Work to be completed: Pictures must not appear in the copy. Restate exactly the lines below from the one with "Women's Knitted Ribbed" through the one with "Hmilon 10PCS Hall", inclusive.

Input material:
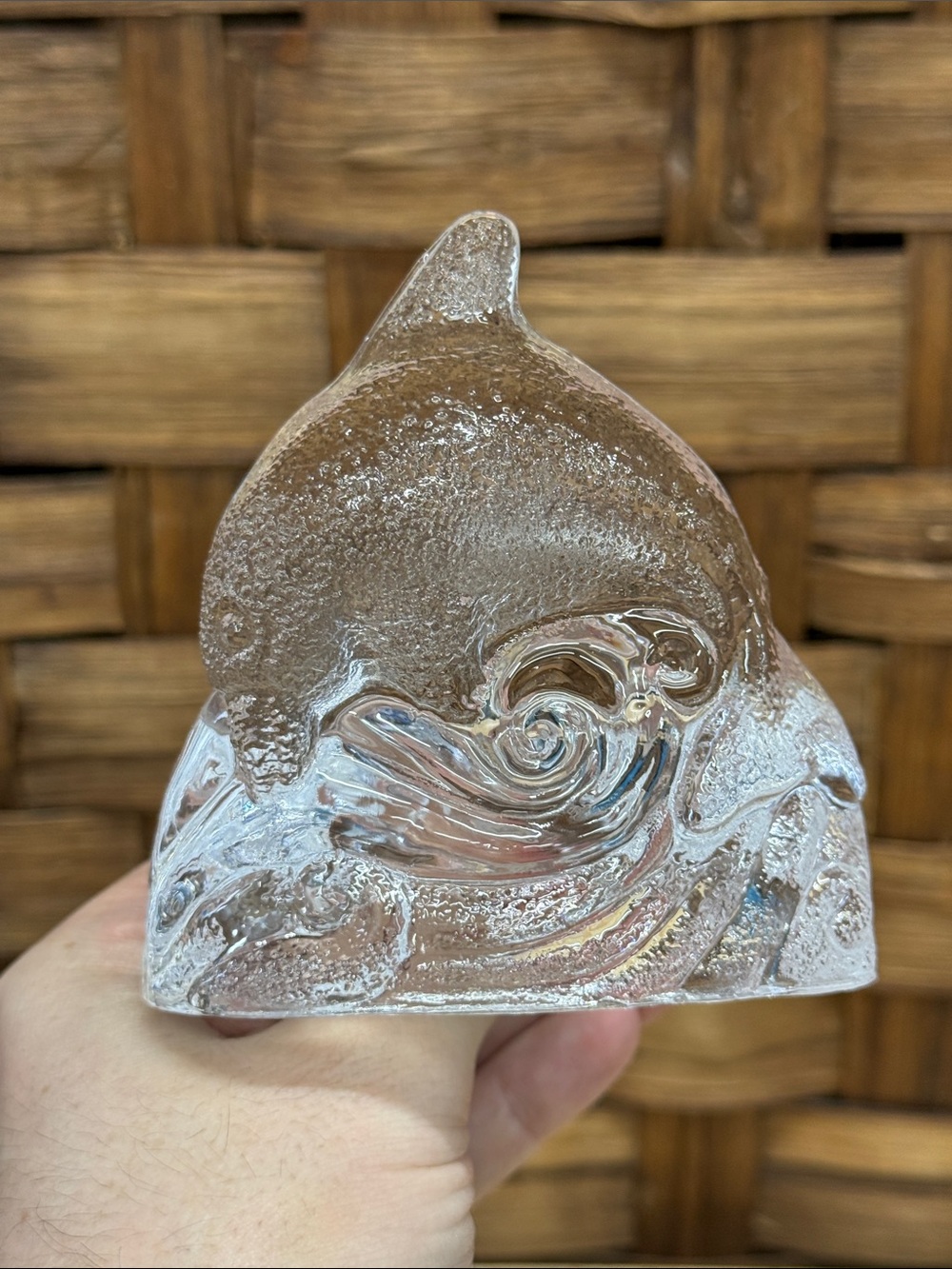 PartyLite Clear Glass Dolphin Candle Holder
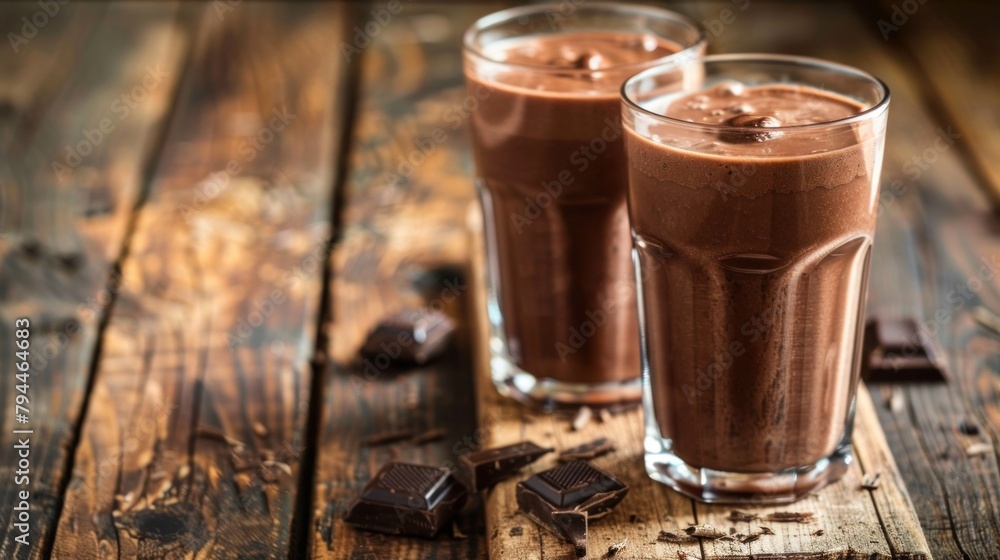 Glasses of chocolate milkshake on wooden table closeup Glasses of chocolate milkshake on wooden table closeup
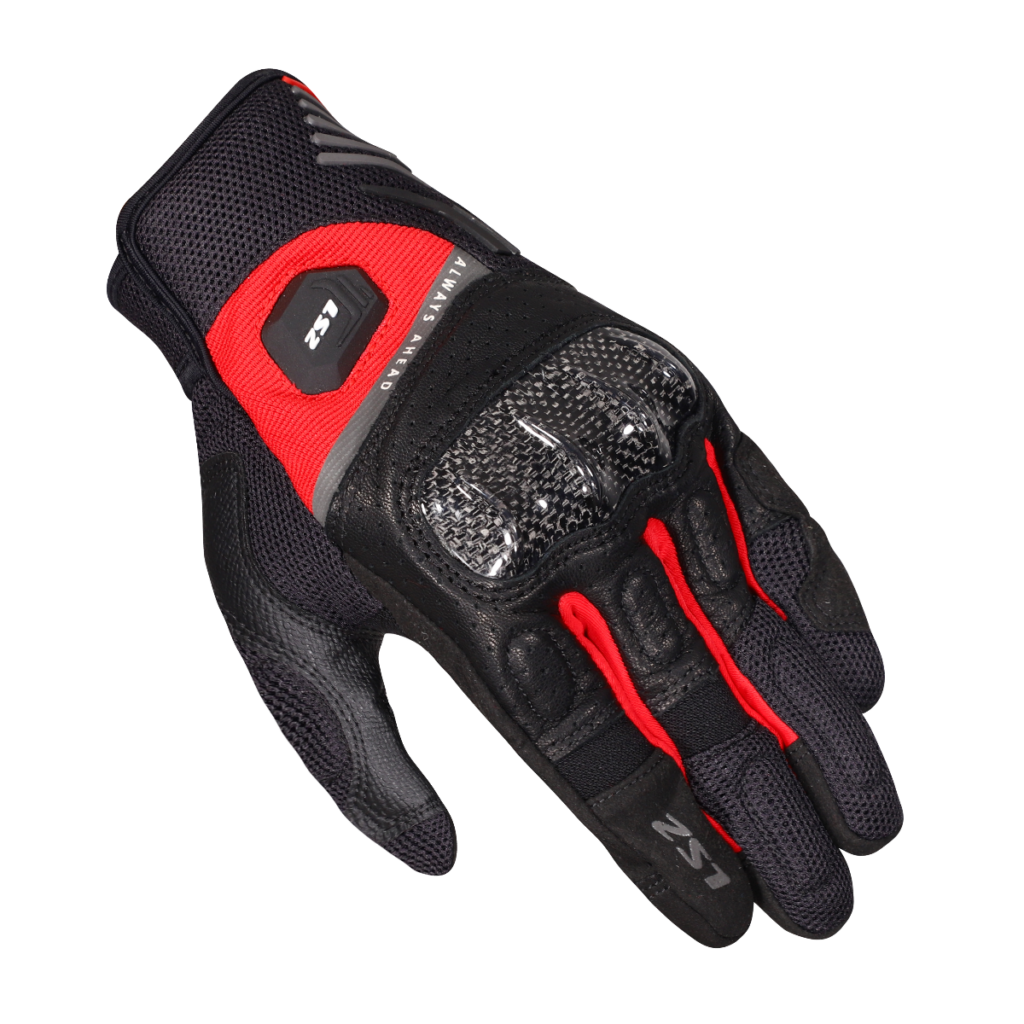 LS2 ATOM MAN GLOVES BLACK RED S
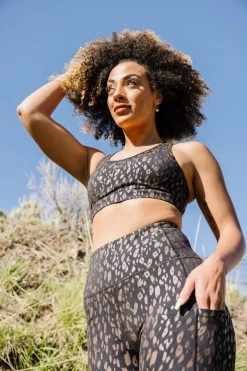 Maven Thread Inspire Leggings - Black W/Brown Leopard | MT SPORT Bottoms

==

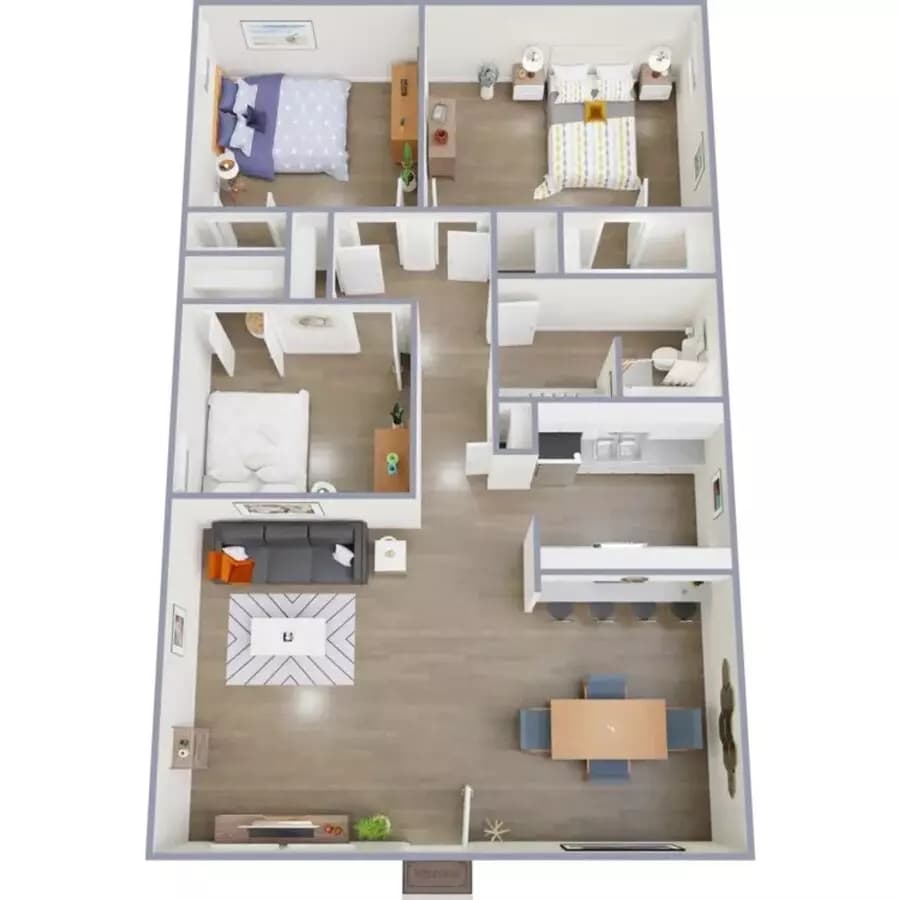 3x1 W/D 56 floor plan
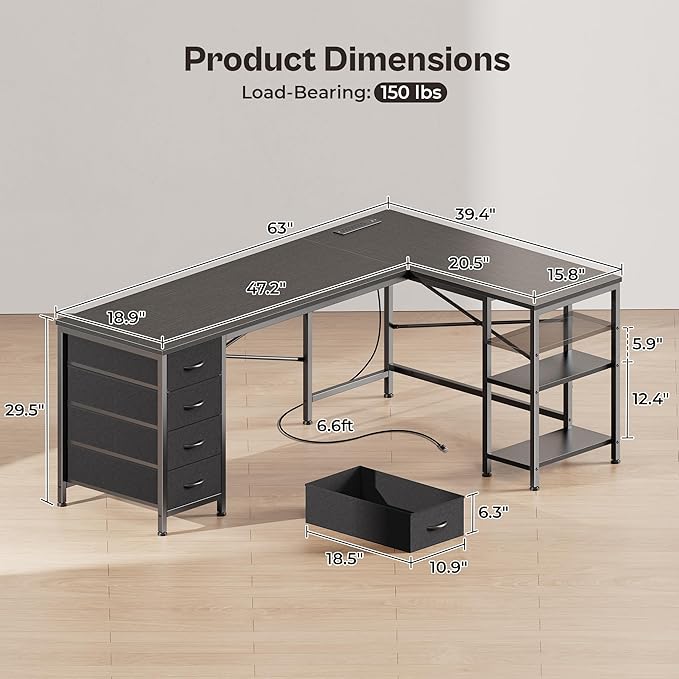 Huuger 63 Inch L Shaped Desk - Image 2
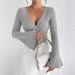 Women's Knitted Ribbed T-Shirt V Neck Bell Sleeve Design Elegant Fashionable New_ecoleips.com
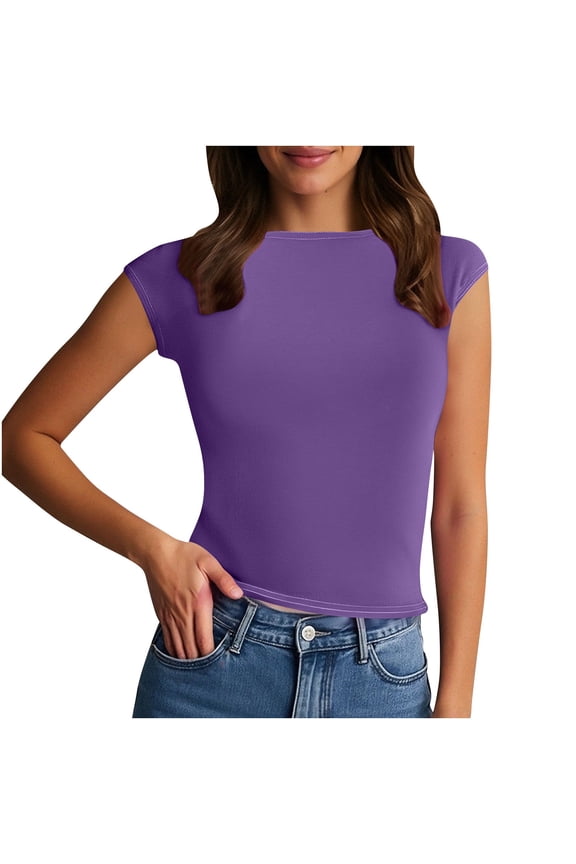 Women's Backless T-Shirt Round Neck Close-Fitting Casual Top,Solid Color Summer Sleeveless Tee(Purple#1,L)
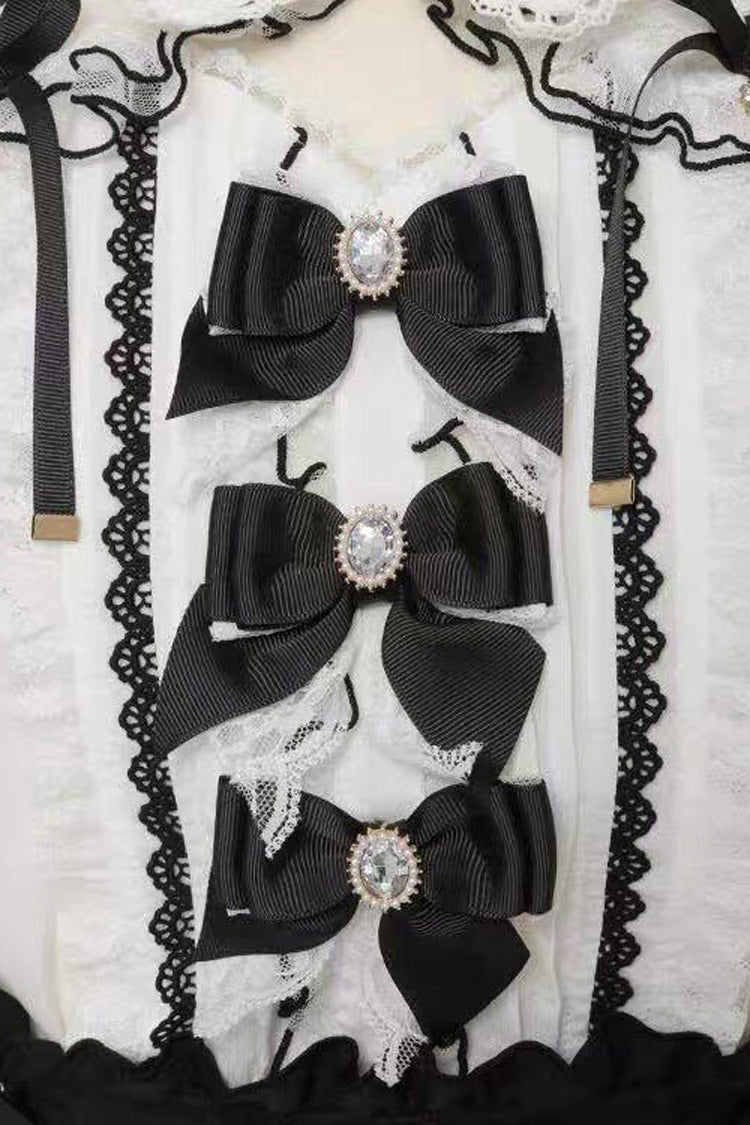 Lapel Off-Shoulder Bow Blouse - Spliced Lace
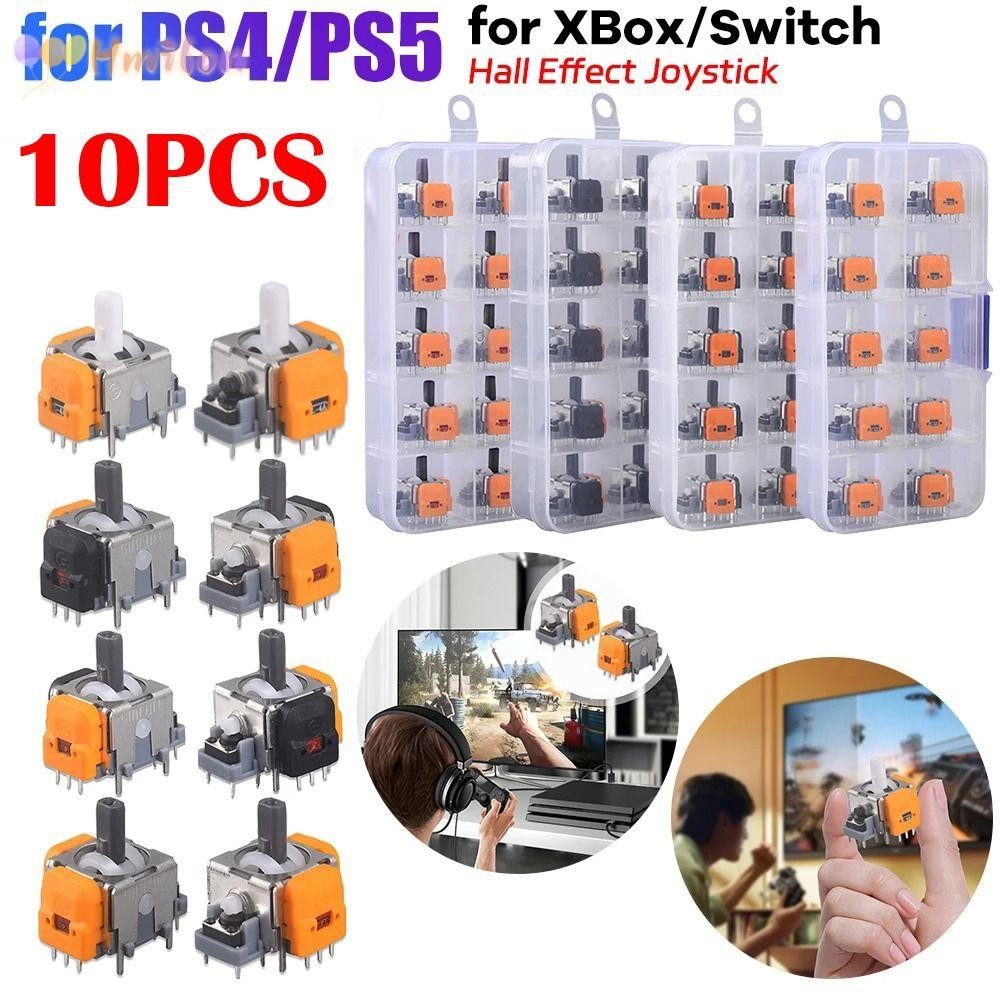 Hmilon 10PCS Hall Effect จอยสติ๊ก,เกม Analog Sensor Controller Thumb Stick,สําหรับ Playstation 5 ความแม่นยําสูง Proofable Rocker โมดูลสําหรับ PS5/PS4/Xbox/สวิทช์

---

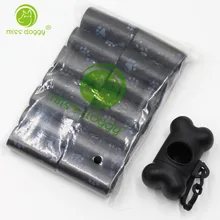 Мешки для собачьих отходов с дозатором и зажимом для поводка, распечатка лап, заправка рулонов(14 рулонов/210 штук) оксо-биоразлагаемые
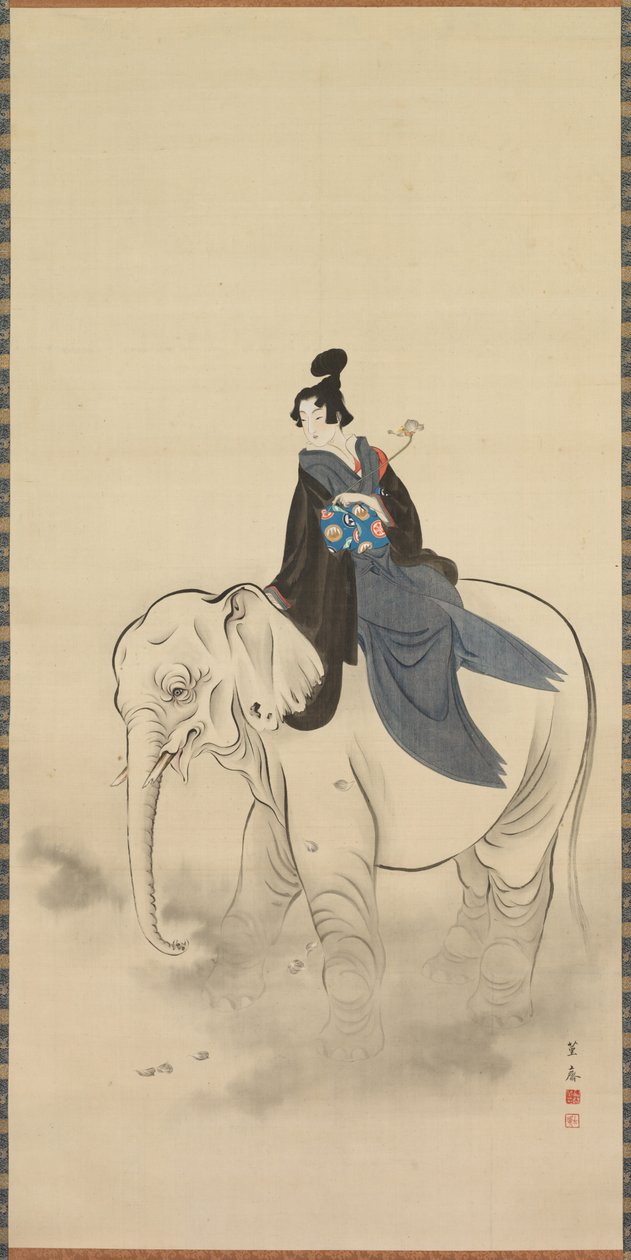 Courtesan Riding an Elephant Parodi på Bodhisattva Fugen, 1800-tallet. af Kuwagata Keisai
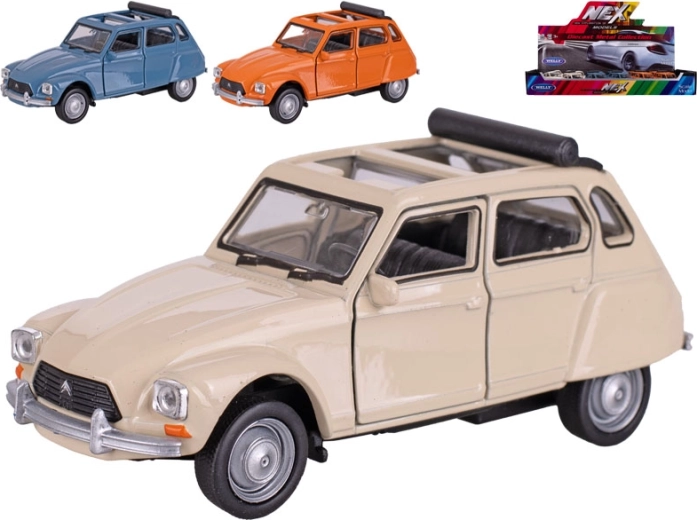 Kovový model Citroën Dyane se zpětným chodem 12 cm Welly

Expected answer:
 Women's Knitted Ribbed T-Shirt V Neck Bell Sleeve Design Elegant Fashionable New_ecoleips.com
 Women's Backless T-Shirt Round Neck Close-Fitting Casual Top,Solid Color Summer Sleeveless Tee(Purple#1,L)
 Lapel Off-Shoulder Bow Blouse - Spliced Lace
 Hmilon 10PCS Hall Effect จอยสติ๊ก,เกม Analog Sensor Controller Thumb Stick,สําหรับ Playstation 5 ความแม่นยําสูง Proofable Rocker โมดูลสําหรับ PS5/PS4/Xbox/สวิทช์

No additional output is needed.